*WORK INSTRUCTION:* Copy exactly the lines from the start of the material through the line with "LSU Tiger Custom Name Nike Air Max Plus Shoes". Pictures stay out of the copy.

*DATASET EXCERPT:*
§

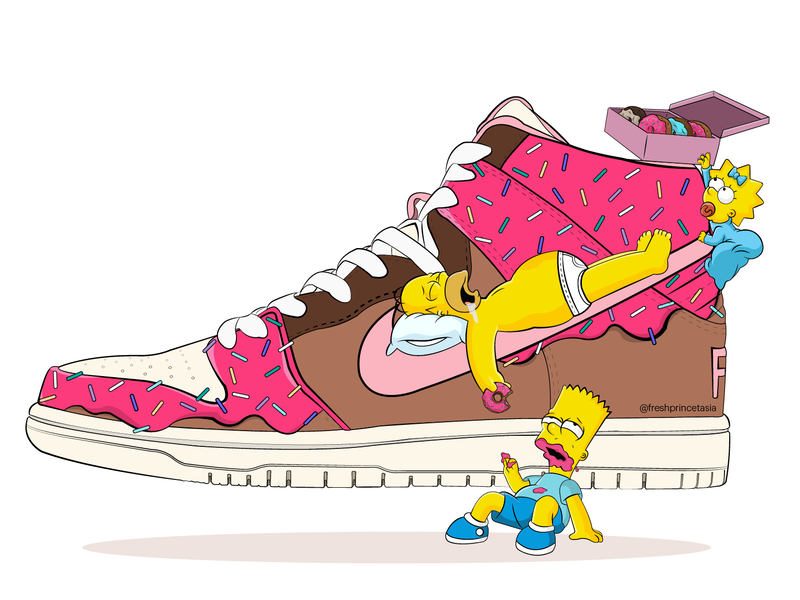 nike shoes vector art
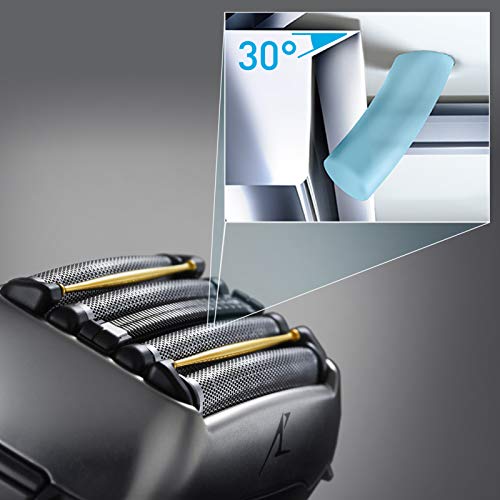 Panasonic ES-LV9Q-S803 Máquina de afeitar de láminas Negro, Plata - Afeitadora (Máquina de afeitar de láminas, Negro, Plata, Batería, Ión de litio, Integrado, 50 min)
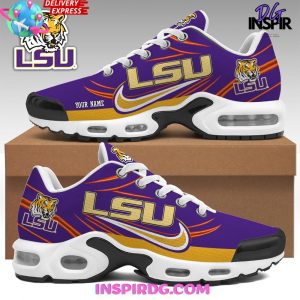LSU Tiger Custom Name Nike Air Max Plus Shoes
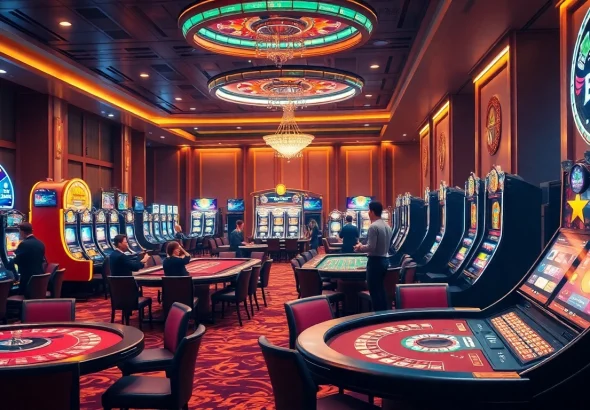 Experience the thrill of BK8 เว็บตรง with exciting casino games and engaging players in a luxurious setting.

§

*REPLY TO THE TASK:*
 nike shoes vector art
 Panasonic ES-LV9Q-S803 Máquina de afeitar de láminas Negro, Plata - Afeitadora (Máquina de afeitar de láminas, Negro, Plata, Batería, Ión de litio, Integrado, 50 min)
LSU Tiger Custom Name Nike Air Max Plus Shoes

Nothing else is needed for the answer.